On my fifth day in Mumbai, which also happened to be Christmas day, I got sick.  That night, I got a fever, body aches, and by the next day, it was impossible for me to be more than 30-seconds away from a bathroom.  After a day, the aches and fever were gone, but I was still chained to the toilet (We dared to go to the movies to see The Hobbit: the Desolation of Smog, and about halfway through – just when the dwarves were about to find away into the mountain – I realized that I needed to embark on an epic journey of my own at that very moment, and not a second later).
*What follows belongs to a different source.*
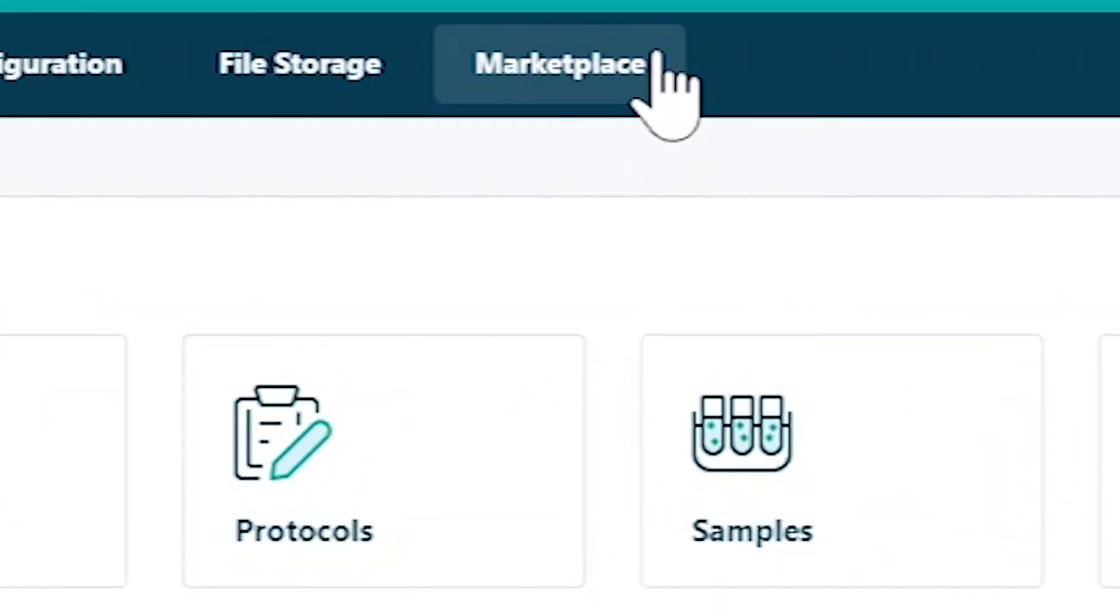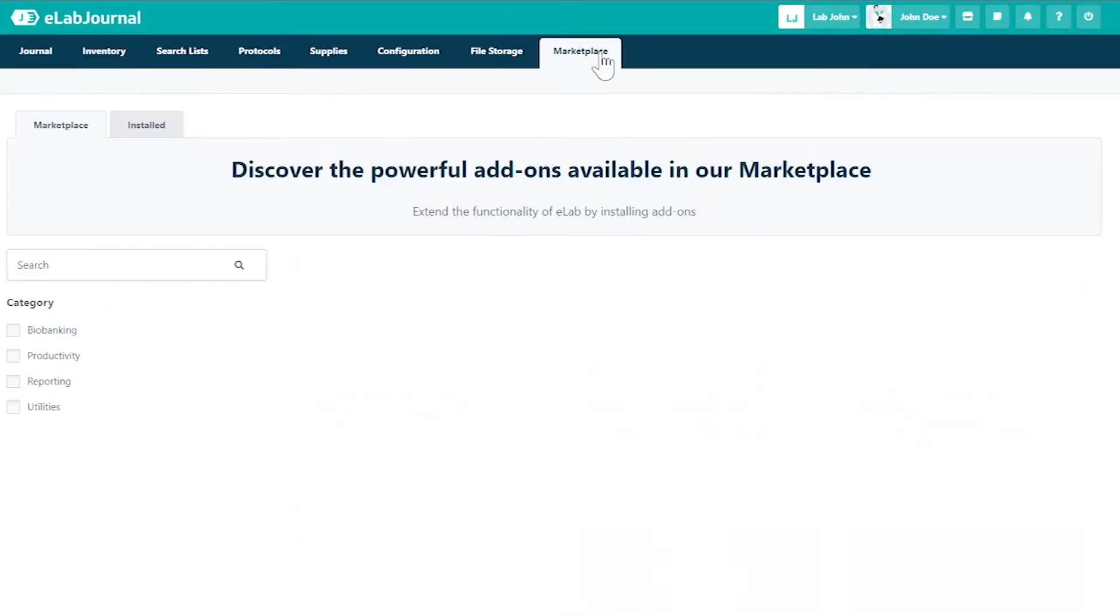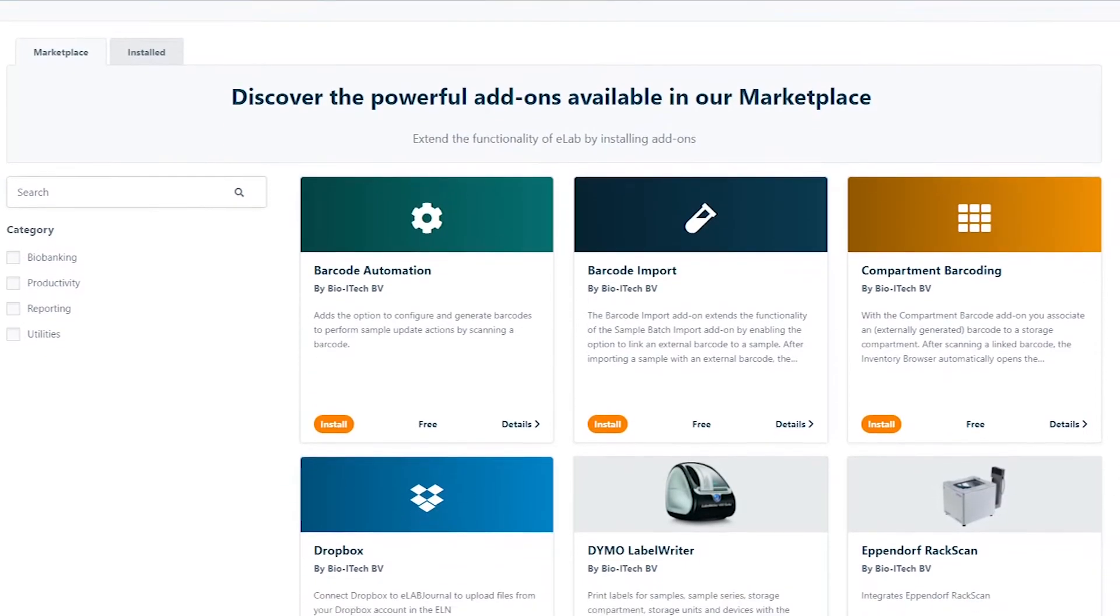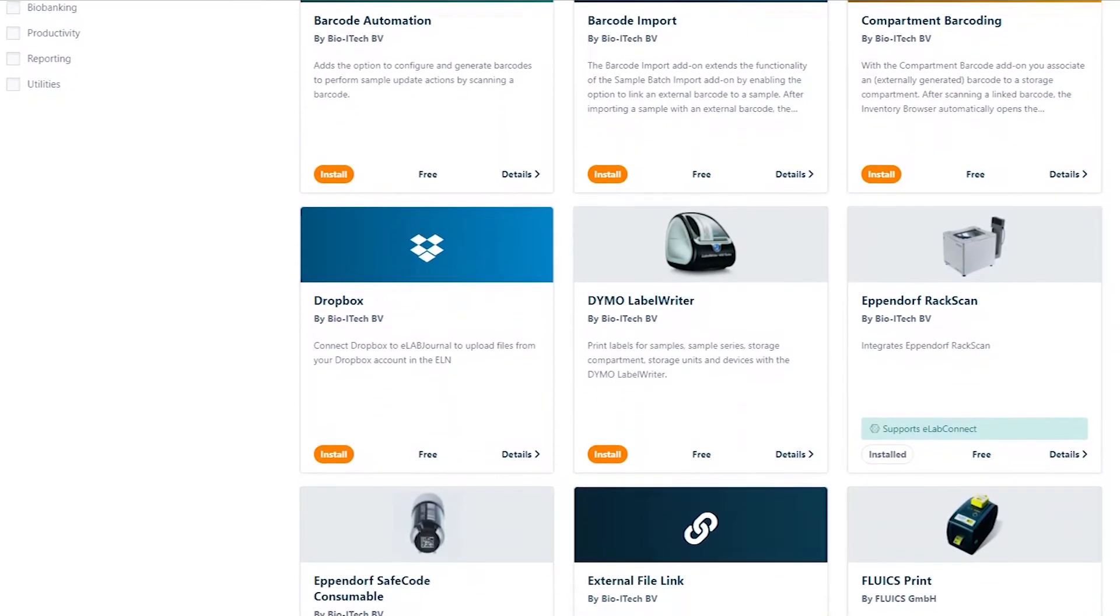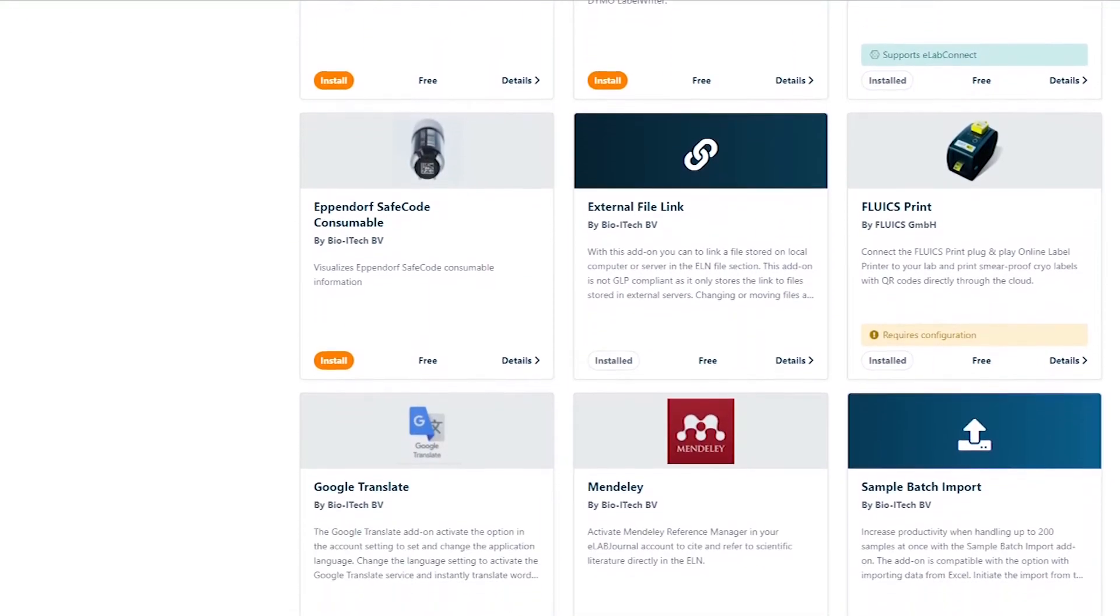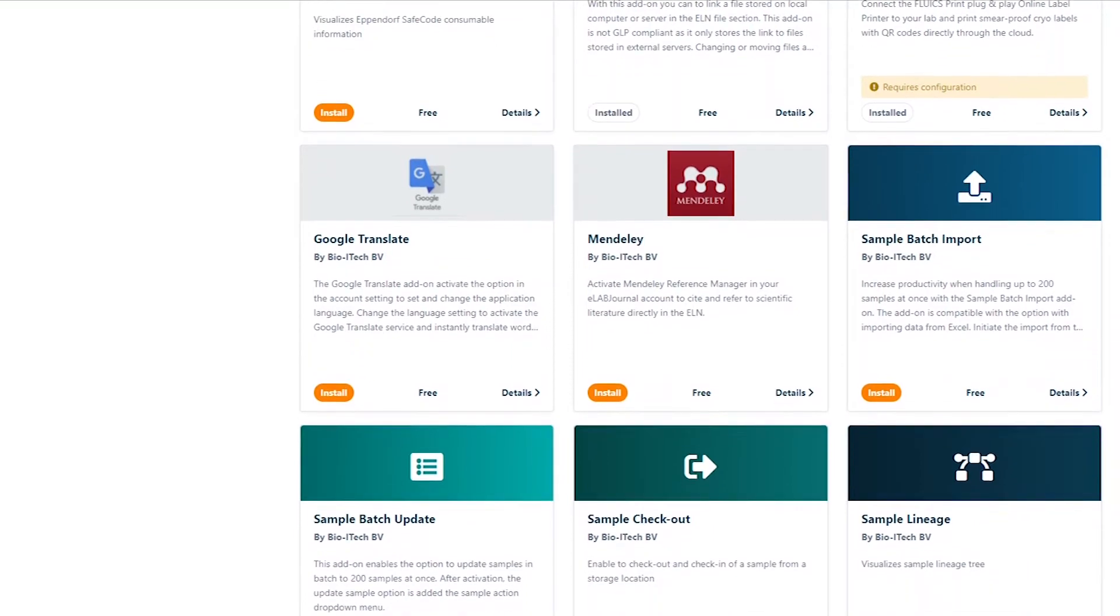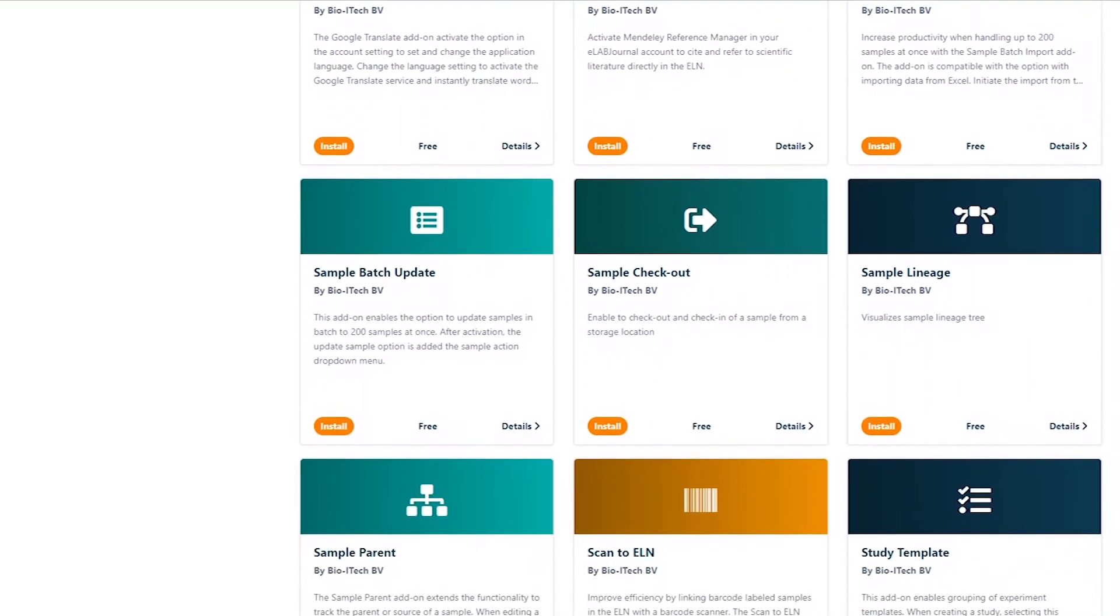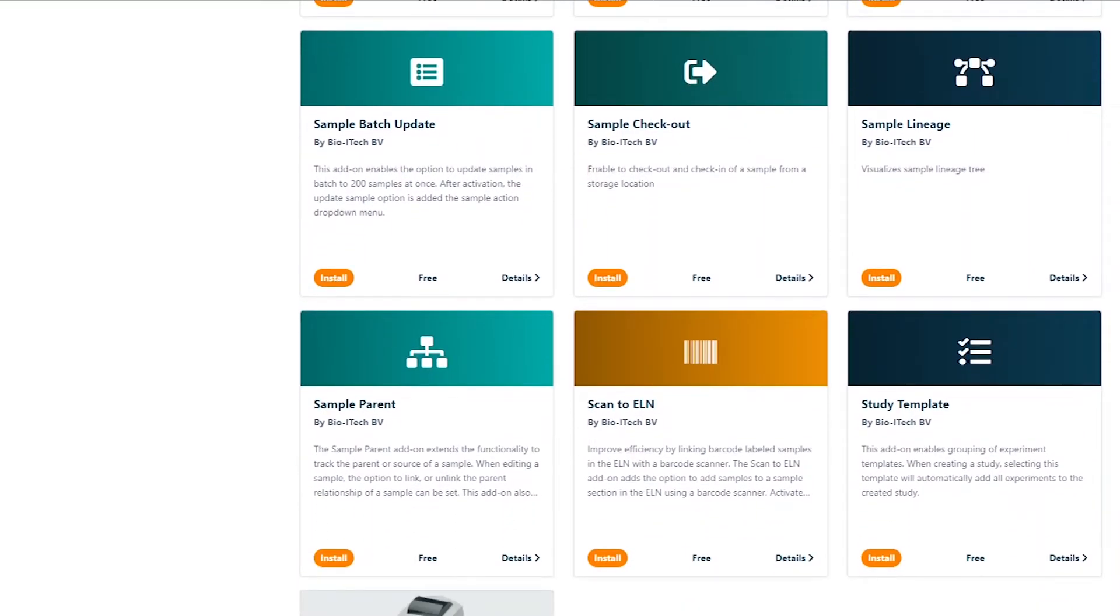Begin by selecting Marketplace from the dashboard menu. Here you'll find all available add-on integrations. Most add-ons are free to install and cover a range of categories. Installation is a quick and simple process.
That night, the family took me to their doctor, and after telling the doc my symptoms, he laughed and told me I had caught the Welcome to India Disease.  “But, I’ve been eating the food for five days and didn’t get sick,” I protested, not wanting to be forbidden to eat anything.  “Who knows what it was that made you sick – maybe it was one thing, or a combination of things, or maybe your body was just already weakened from dealing with the pollution and the oily, rich Indian food finally caught up with you. Just take these meds and take it easy for a couple of days.”  He gave me some medicine, some electrolyte packets to get some nutrients back in me (I felt like a shriveled up California Raisin by that point), and within a day, I was back on deck, ready for more.

After that, the family was happy for me to try new dishes, but they were definitely protective over me, scrutinizing what I ate.  They wanted me to fully enjoy the rest of my stay!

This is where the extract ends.